━━ Excerpted records ━━
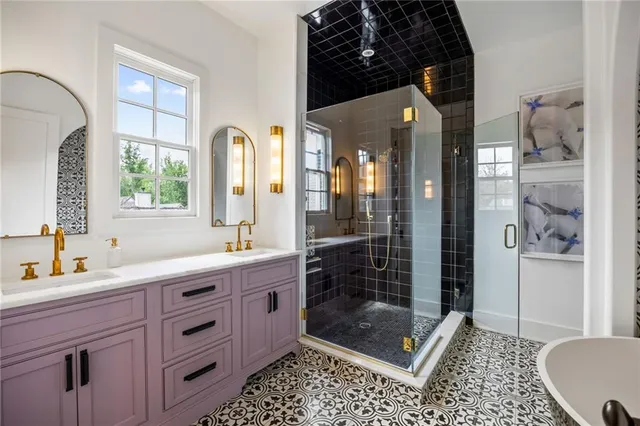 $1,290,000 | 11277 Serenbe Lane, Chattahoochee Hills, GA 30268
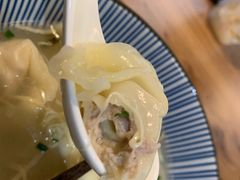 荠菜馄饨-红小满休闲餐厅(十全街店)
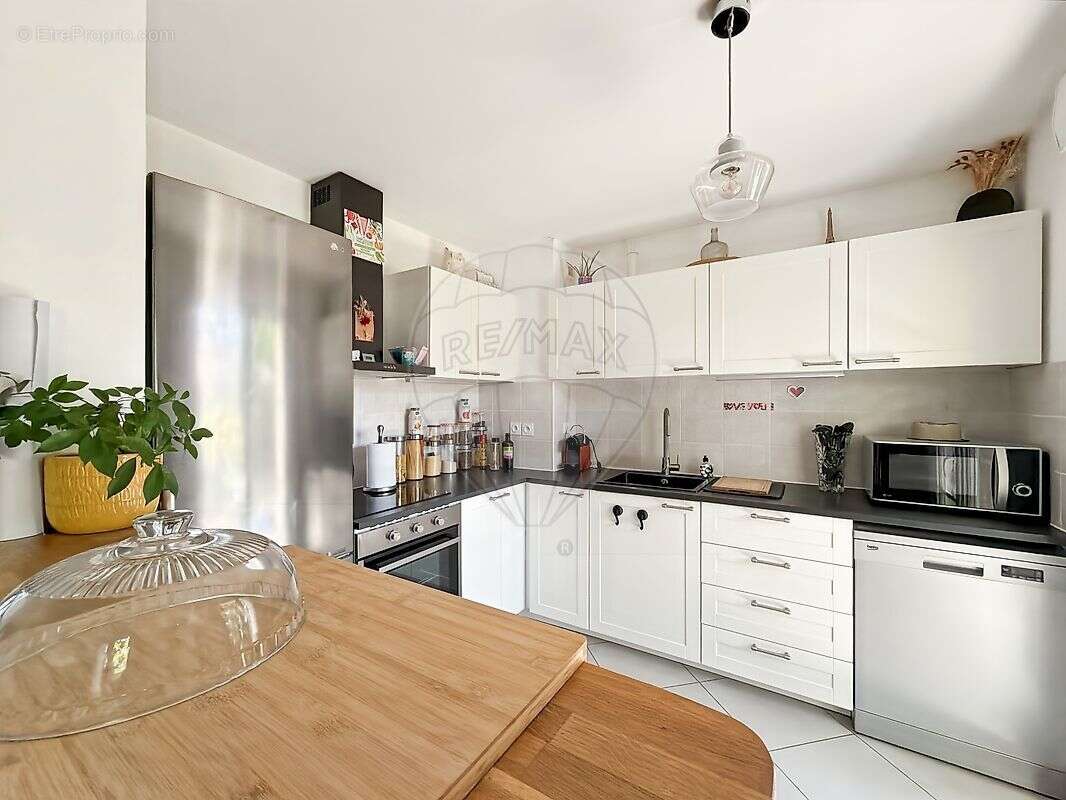 Maison 3 chambre(s) à vendre - photo 3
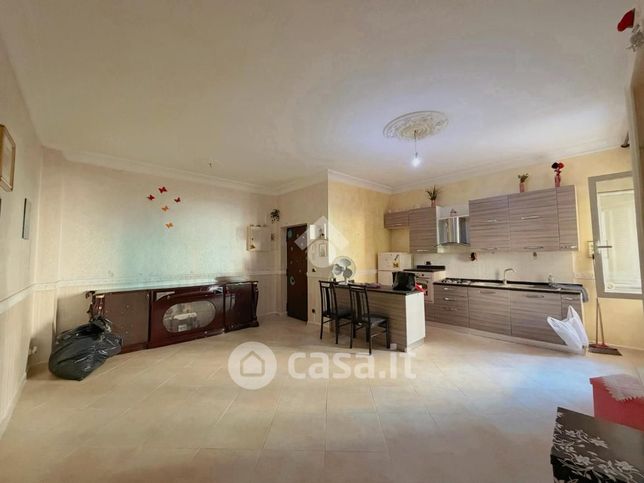 Appartamento in residenziale in Via Pietro Casilli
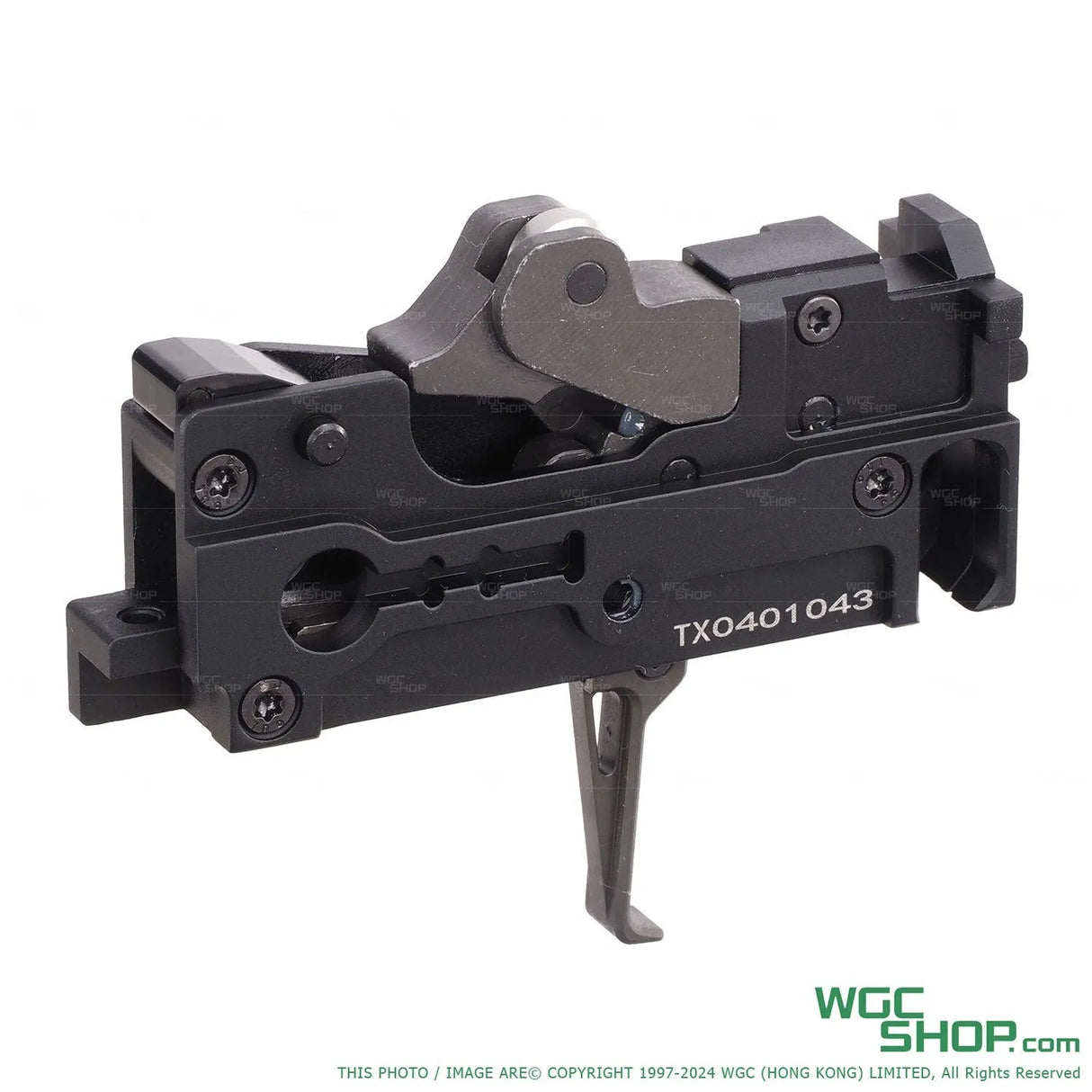 TOXICANT Trigger Box Set MX Style Standard Ver.-WGC Shop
━━━
Exercise objective :: From the first line to the last, output the data exactly; skip any pictures.

Result for this task ::
 $1,290,000 | 11277 Serenbe Lane, Chattahoochee Hills, GA 30268
 荠菜馄饨-红小满休闲餐厅(十全街店)
 Maison 3 chambre(s) à vendre - photo 3
 Appartamento in residenziale in Via Pietro Casilli
 TOXICANT Trigger Box Set MX Style Standard Ver.-WGC Shop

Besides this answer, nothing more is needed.